Le ministre de l’Agriculture, André Lamontagne, se dit «certainement» préoccupé par la protection des terres agricoles lors de la construction du troisième lien. Mais il est trop tôt selon lui pour savoir si le projet aura une incidence sur les terres agricoles de Lévis et de Bellechasse.

Terres agricoles autour du troisième lien: le ministre Lamontagne inquiet

Si son parti veut construire un troisième lien routier entre Québec et Lévis, il devra s’assurer de le faire «selon les règles» qui protègent les terres agricoles, indique le ministre de l’Agriculture, André Lamontagne.

Appelé à réagir à la position de l’Union des producteurs agricoles (UPA), qui s’oppose à la construction du troisième lien, le ministre Lamontagne s’est dit «certainement» préoccupé par la question.

Il est trop tôt selon lui pour savoir si ce grand projet routier aura une incidence sur les terres agricoles de Lévis et de Bellechasse. «Faudrait voir le résultat final […] Je ne connais pas l’étude, exactement les tracés.»
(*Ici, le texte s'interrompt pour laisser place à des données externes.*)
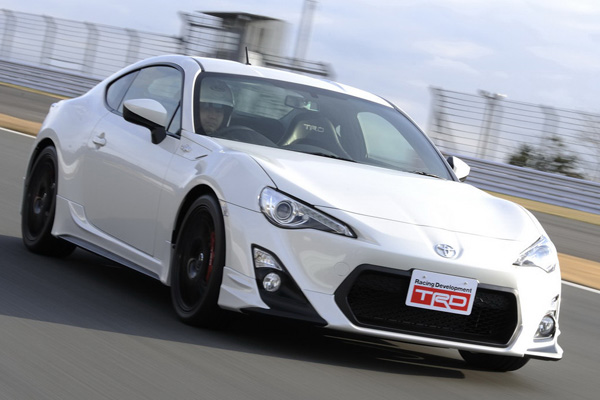 Toyota 86 обзавелась спортивным пакетом от TRD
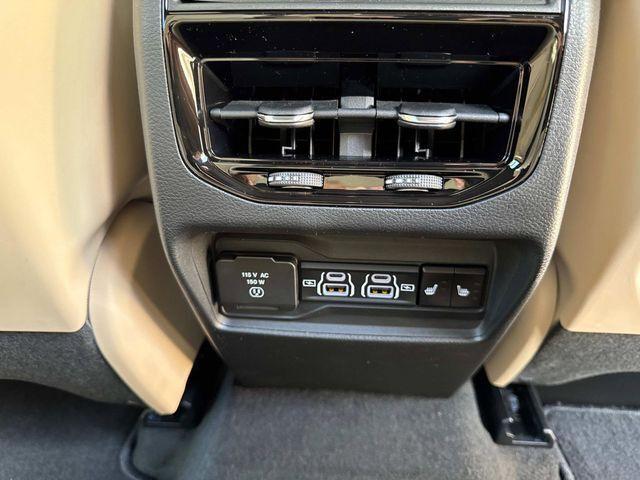 new 2025 Jeep Grand Cherokee car, priced at $46,181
Le ministre Lamontagne indique toutefois qu’il s’intéressera à la question et qu’il fera part, «bien sûr», de ses préoccupations à ses collègues. «C’est la question de la protection des terres agricoles. Quand il y a des projets qui sont faits qui viennent mettre une pression sur les terres, il faut s’assurer que quand c’est fait, c’est selon les règles. Ce projet-là peut présenter ce potentiel-là. Mais c’est très embryonnaire encore.»

L’UPA opposée

Le président de l’UPA, Marcel Groleau, est quant à lui persuadé que la construction d’un troisième lien entre Québec et Lévis provoquera de l’étalement urbain et détournera des terres agricoles de leur mission. «Je ne connais aucun projet de transport au Québec qui n’a pas eu cet impact-là. À chaque fois, ce sont les terres agricoles qui écopent», déplore-t-il.

C’est pourquoi l’UPA s’oppose au projet. Une position qui reflète l’opinion traditionnelle de l’UPA, qui s’était aussi opposée au prolongement de l’autoroute 73 en Beauce. 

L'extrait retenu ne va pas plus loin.